É aguardado um público de 150 mil pessoas nos dez dias de feira.
A Sociedade Agropecuária da Região de Jahu (organizadora do evento) quer repetir o sucesso de 98, quando criadores de equinos Appaloosa voltaram a participar da feira e a raça mangalarga obteve em Jaú a maior pontuação no ranking nacional.

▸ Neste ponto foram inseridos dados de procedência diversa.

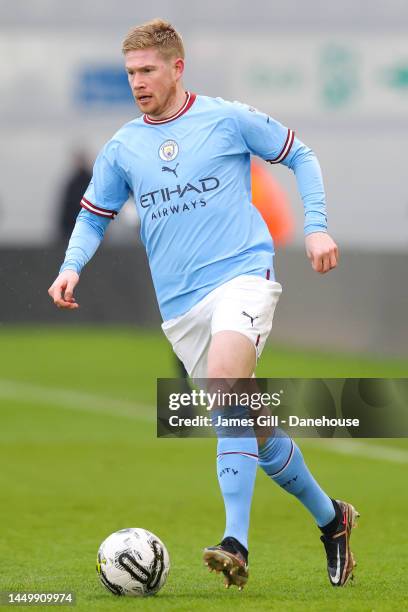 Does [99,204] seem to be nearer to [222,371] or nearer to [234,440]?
[222,371]

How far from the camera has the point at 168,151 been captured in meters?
6.83

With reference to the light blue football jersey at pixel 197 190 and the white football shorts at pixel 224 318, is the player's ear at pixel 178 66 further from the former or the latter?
the white football shorts at pixel 224 318

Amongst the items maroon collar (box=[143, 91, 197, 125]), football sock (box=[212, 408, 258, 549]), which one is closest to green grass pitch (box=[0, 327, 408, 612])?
football sock (box=[212, 408, 258, 549])

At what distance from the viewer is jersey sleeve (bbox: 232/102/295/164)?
6.88 meters

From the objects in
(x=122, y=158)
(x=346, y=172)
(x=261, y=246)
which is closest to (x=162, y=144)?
(x=122, y=158)

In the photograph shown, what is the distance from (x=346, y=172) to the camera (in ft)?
83.9

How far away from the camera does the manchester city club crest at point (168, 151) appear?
6816 mm

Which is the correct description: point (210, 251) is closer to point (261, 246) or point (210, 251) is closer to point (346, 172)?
point (261, 246)

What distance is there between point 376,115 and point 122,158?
19622mm

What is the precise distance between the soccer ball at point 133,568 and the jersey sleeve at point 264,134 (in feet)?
5.93

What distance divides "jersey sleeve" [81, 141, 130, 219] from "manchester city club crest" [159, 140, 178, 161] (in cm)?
22

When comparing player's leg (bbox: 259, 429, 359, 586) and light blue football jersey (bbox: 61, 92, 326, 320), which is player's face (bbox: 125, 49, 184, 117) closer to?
light blue football jersey (bbox: 61, 92, 326, 320)

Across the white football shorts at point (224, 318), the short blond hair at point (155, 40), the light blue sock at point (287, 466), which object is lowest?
the light blue sock at point (287, 466)

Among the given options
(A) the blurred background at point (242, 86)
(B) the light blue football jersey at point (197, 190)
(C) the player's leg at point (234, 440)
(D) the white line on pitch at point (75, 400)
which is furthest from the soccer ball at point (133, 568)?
(A) the blurred background at point (242, 86) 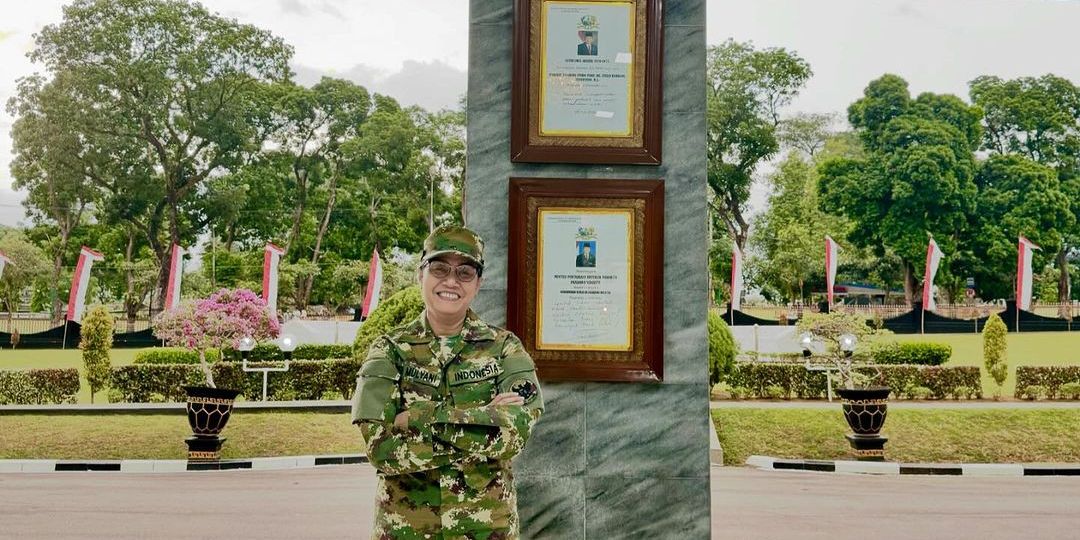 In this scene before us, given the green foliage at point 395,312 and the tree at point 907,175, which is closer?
the green foliage at point 395,312

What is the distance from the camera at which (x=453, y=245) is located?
1.44 metres

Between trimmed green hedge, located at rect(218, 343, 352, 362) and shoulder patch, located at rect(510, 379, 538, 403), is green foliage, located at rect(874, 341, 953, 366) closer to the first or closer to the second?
trimmed green hedge, located at rect(218, 343, 352, 362)

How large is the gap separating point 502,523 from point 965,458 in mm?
6473

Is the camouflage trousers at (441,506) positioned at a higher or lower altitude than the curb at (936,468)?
higher

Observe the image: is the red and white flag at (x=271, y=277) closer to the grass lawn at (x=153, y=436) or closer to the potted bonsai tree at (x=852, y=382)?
the grass lawn at (x=153, y=436)

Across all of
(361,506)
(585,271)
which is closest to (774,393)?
(361,506)

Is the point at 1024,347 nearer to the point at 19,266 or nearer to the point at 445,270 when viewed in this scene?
the point at 445,270

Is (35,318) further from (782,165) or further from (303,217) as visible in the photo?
(782,165)

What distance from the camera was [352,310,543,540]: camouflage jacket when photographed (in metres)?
1.33

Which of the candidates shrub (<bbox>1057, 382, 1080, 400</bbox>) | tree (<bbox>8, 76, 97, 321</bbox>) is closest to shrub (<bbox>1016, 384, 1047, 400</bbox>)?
shrub (<bbox>1057, 382, 1080, 400</bbox>)

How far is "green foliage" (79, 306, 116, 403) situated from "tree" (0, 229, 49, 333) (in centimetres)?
404

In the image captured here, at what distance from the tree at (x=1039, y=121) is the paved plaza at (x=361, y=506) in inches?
373

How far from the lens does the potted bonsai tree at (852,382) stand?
625cm

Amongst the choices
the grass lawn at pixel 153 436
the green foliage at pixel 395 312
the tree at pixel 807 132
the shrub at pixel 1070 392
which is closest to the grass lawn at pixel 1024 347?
the shrub at pixel 1070 392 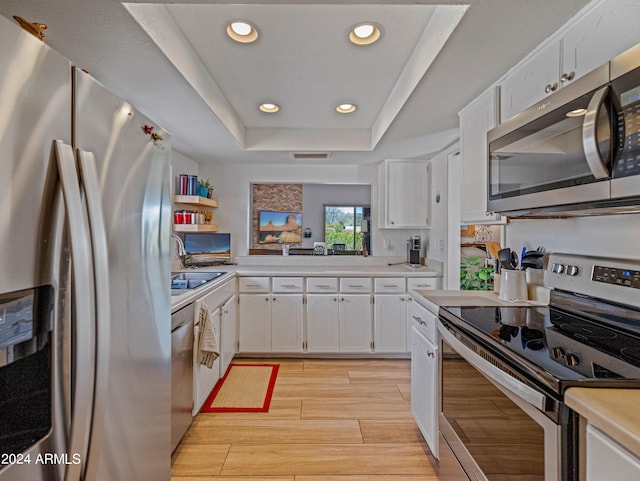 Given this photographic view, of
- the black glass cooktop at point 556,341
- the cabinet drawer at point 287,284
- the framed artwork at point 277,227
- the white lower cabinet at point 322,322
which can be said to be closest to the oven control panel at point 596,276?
the black glass cooktop at point 556,341

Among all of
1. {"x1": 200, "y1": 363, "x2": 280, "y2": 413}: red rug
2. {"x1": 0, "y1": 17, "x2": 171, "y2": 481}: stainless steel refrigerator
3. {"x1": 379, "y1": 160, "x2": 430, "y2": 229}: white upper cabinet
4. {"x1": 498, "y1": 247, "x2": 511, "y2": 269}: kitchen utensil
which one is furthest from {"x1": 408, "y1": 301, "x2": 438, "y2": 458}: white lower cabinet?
{"x1": 379, "y1": 160, "x2": 430, "y2": 229}: white upper cabinet

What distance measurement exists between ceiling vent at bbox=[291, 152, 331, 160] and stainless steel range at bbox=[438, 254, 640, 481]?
2.29 metres

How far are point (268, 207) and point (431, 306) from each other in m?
6.33

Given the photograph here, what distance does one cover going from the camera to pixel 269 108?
278 cm

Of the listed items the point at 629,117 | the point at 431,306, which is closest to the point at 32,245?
the point at 629,117

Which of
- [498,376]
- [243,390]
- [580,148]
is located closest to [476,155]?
[580,148]

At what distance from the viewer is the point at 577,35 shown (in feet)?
4.35

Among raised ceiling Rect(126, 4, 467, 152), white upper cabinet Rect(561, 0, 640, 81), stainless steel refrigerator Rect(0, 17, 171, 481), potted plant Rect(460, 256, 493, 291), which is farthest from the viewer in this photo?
potted plant Rect(460, 256, 493, 291)

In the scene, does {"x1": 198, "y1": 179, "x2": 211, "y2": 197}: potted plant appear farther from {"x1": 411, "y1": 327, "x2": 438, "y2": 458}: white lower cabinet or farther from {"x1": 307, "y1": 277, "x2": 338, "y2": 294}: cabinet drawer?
{"x1": 411, "y1": 327, "x2": 438, "y2": 458}: white lower cabinet

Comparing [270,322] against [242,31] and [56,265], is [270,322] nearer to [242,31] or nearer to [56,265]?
[242,31]

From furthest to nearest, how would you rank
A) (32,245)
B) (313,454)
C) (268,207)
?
(268,207)
(313,454)
(32,245)

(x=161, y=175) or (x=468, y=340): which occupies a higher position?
(x=161, y=175)

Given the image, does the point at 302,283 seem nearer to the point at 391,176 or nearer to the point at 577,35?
the point at 391,176

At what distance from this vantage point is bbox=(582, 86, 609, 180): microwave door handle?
100cm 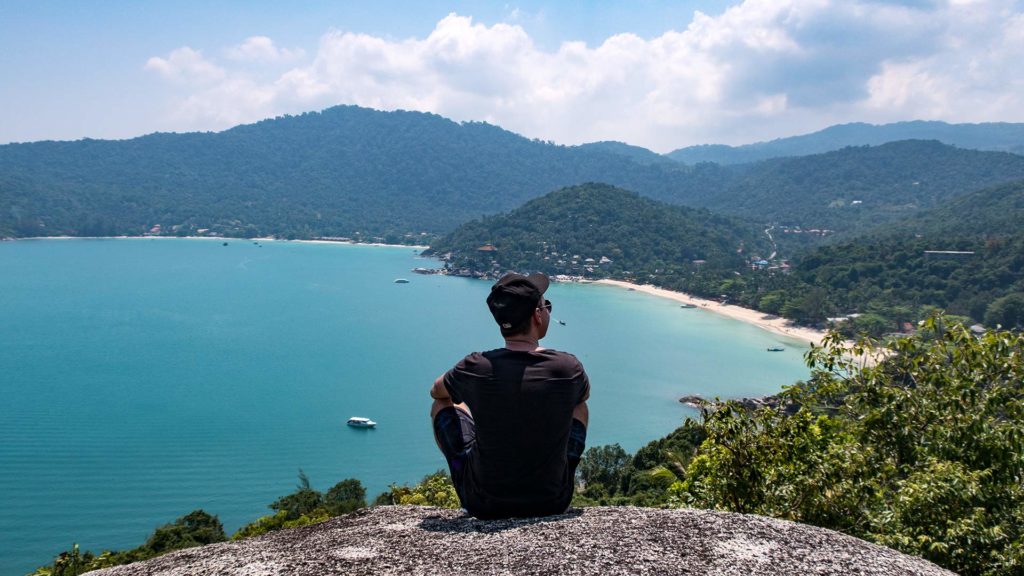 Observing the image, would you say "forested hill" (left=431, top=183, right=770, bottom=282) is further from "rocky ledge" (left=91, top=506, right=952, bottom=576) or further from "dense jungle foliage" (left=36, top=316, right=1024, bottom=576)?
"rocky ledge" (left=91, top=506, right=952, bottom=576)

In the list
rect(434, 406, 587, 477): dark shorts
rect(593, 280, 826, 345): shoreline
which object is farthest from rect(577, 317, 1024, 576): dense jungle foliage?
rect(593, 280, 826, 345): shoreline

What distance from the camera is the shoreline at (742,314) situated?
55.4 m

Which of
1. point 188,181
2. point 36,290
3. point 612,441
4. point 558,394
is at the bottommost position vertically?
point 612,441

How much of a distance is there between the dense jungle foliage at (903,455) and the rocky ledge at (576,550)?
780 mm

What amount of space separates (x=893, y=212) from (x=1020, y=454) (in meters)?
151

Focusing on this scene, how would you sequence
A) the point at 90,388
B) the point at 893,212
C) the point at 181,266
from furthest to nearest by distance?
the point at 893,212 < the point at 181,266 < the point at 90,388

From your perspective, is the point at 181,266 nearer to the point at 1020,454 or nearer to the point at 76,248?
the point at 76,248

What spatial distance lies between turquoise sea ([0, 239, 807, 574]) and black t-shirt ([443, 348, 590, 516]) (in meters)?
21.0

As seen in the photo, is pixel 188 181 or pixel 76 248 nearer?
pixel 76 248

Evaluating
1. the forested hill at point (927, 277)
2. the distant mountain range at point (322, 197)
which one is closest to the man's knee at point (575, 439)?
the forested hill at point (927, 277)

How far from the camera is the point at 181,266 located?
315 feet

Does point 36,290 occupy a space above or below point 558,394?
below

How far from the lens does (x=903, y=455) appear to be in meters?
5.02

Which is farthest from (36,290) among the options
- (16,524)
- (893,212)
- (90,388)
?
(893,212) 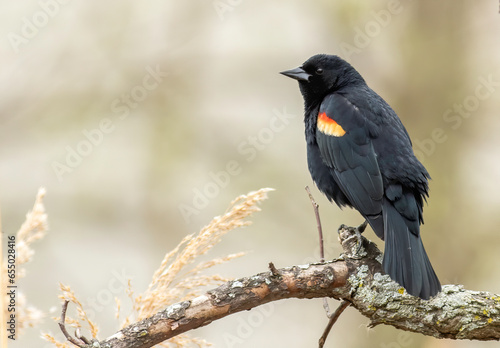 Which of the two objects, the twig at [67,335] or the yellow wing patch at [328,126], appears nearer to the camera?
the twig at [67,335]

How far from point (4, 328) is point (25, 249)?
0.70ft

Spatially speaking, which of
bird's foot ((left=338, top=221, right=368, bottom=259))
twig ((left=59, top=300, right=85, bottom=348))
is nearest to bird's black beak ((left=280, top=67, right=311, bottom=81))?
bird's foot ((left=338, top=221, right=368, bottom=259))

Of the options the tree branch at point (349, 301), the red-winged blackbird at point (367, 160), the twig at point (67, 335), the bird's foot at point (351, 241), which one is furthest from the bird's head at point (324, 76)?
the twig at point (67, 335)

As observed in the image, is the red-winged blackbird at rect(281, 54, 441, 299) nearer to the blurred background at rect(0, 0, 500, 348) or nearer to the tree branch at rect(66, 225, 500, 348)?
the tree branch at rect(66, 225, 500, 348)

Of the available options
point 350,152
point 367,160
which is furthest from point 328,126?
point 367,160

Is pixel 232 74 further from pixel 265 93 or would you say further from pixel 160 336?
pixel 160 336

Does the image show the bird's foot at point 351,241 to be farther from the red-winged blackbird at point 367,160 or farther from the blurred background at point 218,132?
the blurred background at point 218,132

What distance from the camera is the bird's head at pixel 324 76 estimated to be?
118 inches

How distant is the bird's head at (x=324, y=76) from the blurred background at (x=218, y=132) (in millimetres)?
1050

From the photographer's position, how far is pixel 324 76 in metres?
2.99

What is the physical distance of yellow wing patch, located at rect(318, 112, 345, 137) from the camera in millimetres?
2606

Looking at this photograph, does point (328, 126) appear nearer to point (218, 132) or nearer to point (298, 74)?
point (298, 74)

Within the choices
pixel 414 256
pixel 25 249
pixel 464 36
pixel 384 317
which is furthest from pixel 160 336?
pixel 464 36

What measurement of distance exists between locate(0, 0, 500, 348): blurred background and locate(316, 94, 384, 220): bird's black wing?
1355 millimetres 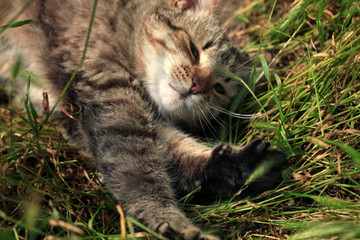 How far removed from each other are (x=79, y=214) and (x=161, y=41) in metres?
1.04

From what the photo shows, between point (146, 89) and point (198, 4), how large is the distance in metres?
0.71

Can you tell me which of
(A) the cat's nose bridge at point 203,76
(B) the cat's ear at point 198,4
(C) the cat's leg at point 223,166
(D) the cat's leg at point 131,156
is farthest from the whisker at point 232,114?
(B) the cat's ear at point 198,4

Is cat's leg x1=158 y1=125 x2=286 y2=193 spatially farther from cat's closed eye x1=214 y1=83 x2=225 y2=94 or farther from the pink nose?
cat's closed eye x1=214 y1=83 x2=225 y2=94

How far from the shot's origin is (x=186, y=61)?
1738 millimetres

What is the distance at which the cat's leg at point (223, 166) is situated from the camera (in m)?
1.48

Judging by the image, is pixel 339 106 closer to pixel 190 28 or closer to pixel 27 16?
pixel 190 28

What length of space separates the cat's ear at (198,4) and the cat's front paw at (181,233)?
1393mm

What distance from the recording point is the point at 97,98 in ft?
5.46

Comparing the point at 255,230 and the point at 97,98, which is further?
the point at 97,98

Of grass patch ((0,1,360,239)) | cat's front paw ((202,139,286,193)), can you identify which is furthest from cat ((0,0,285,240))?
grass patch ((0,1,360,239))

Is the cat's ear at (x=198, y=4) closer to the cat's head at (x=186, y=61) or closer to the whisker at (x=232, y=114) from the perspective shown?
the cat's head at (x=186, y=61)

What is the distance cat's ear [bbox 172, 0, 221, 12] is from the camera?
2020 millimetres

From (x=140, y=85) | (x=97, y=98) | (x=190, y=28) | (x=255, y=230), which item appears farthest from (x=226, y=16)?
(x=255, y=230)

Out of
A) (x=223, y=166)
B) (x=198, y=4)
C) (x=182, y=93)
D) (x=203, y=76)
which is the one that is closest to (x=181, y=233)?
(x=223, y=166)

Além disso, a ExpoJaú 99 terá novamente leilões de ovinos e a presença de gado Santa Gertrudes. A programação inclui também leilão de mangalargas, rodeio e provas da raça quarto-de-milha.
A área onde vai acontecer a ExpoJaú 99 fica ao lado da estrada vicinal "José Maria Verdini", que liga Jaú ao Distrito de Potunduva. O local foi dividido em quatro setores que vão abrigar as instalações dos animais, as pistas de provas, exposição e julgamento, o setor de lazer e entretenimento (onde será instalado o parque de diversões) e as arenas para shows e rodeios. A praça de alimentação e os estandes comerciais serão instalados ao longo das duas avenidas que, ao se cruzar, fazem a divisão dos setores.
Quase 150 empresas vão participar da ExpoJaú 99, 60% delas no setor de alimentação. A Sociedade Agropecuária da Região de Jahu calcula em quase R$ 2 milhões a movimentação financeira gerada pelo evento, entre os negócios realizados no recinto - venda de produtos, leilões, etc - e os indiretos, como hospedagens em hotéis da cidade, transporte e alimentação.
Planta
A construção do novo recinto foi o fator decisivo para a ExpoJaú ampliar seu espaço no circuito de feiras agropecuárias. Entre outras coisas, o local está recebendo toda a infra-estrutura básica (redes de água, esgoto e energia elétrica, guias e sarjetas e asfalto nas avenidas que dividem a área) e tem um projeto que oferece melhores condições para acomodar os animais e realizar provas, julgamentos e leilões.
As baias, por exemplo, que até o ano passado eram provisórias, ganharam um pavilhão definitivo em alvenaria, assim como a Casa do Criador também será permanente.
Essas medidas fazem parte de um projeto para tornar o recinto da ExpoJaú um ponto de referência para criadores, e devem consumir até o início de agosto cerca de R$ 900 mil.
O objetivo é garantir uma ocupação perene da área. Uma das iniciativas para isso foi montar baias no sistema de parceria com criadores locais e da região. Através de cotas, eles ganharam o direito de utilizar as baias durante o ano todo para manter animais ali, com exceção do período em que acontece a ExpoJaú.
Serão colocados tratadores para os animais, e a Sociedade Agropecuária pretende montar em breve uma escola de equitação no local. "A área vai ter utilização o ano inteiro", explica o presidente da Sociedade, João Pacheco Galvão de França.
Para ele, a repercussão da ExpoJaú pode ser analisada tanto sob o aspecto da presença de criadores como sob o ponto de vista econômico e comercial. Pacheco cita o crescimento da raça mangalarga na feira, que culminou em 98 com a conquista do primeiro lugar no ranking nacional, e a procura de empresas interessadas em participar da ExpoJaú, que acaba tendo toda a sua área de estandes reservada com até quatro meses de antecedência.
"Isso é o resultado de um investimento constante e a prova de que a ExpoJaú conquistou um espaço merecido no circuito de feiras agropecuárias", finalizou.